Quelles seront les conséquences (positives et négatives) de ce rebattement des cartes (du au boom pétrolier américain) sur le marché mondial de l'énergie ? Peut-il être déstabilisé ?

Il n’y aura pas de rebattement des cartes. C’est un fantasme provenant d’analyses trop rapides du marché pétrolier. Au niveau géopolitique, il y a déjà eu des situations similaires à celle de la production de pétrole non-conventionnel aux Etats-Unis et elles n’ont pas entraîné de bouleversement géopolitique. Par exemple, dans les années 70, à cause des chocs pétroliers, la production de pétrole en Afrique et en Amérique du Sud s’est fortement développée afin de diversifier les sources d’approvisionnement et affaiblir le pouvoir de marché de l’OPEP. L’offre de pétrole mondiale a augmenté fortement et mécaniquement la part de l’OPEP à diminuer passant de 55% en 1973 à moins de 30% en 1985. Certains experts prédisaient un bouleversement géopolitique majeur et la mort de l’OPEP. Pourtant, 40 ans plus tard, la donne géopolitique n’a pas fondamentalement changé.

Car le pouvoir géopolitique d’un pays pétrolier ne se mesure pas qu’à son niveau de production.
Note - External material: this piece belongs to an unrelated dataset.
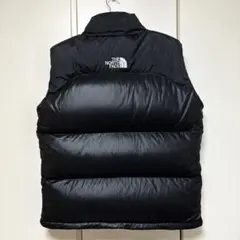 美品✨NORTH ノースフェイス ヌプシ　ダウンベスト　センターロゴ　L サイズ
Aujourd’hui, pourquoi la Russie, premier producteur mondial de pétrole, a-t-elle moins de pouvoir sur le marché pétrolier que l’Arabie Saoudite ? Tout simplement car la Russie produit à pleine capacité quand l’Arabie Saoudite produit volontairement par quotas. C’est cette marge de production permettant de remplacer tout autre producteur défaillant qui offre à l’Arabie Saoudite un rôle géopolitique majeur. Mais pour obtenir ce rôle, il faut avoir la volonté politique de contraindre sa production. Or, le développement de la production de pétrole aux Etats-Unis répond d’abord aux intérêts privés des compagnies qui n’ont pas de raison économique de contraindre leur production. Des lors, même avec une forte production de pétrole, les Etats-Unis n’auront que très peu de pouvoir sur le marché pétrolier car n’importe quel problème impliquant un pays pétrolier amènera la communauté internationale à se tourner vers les pays de l’OPEP.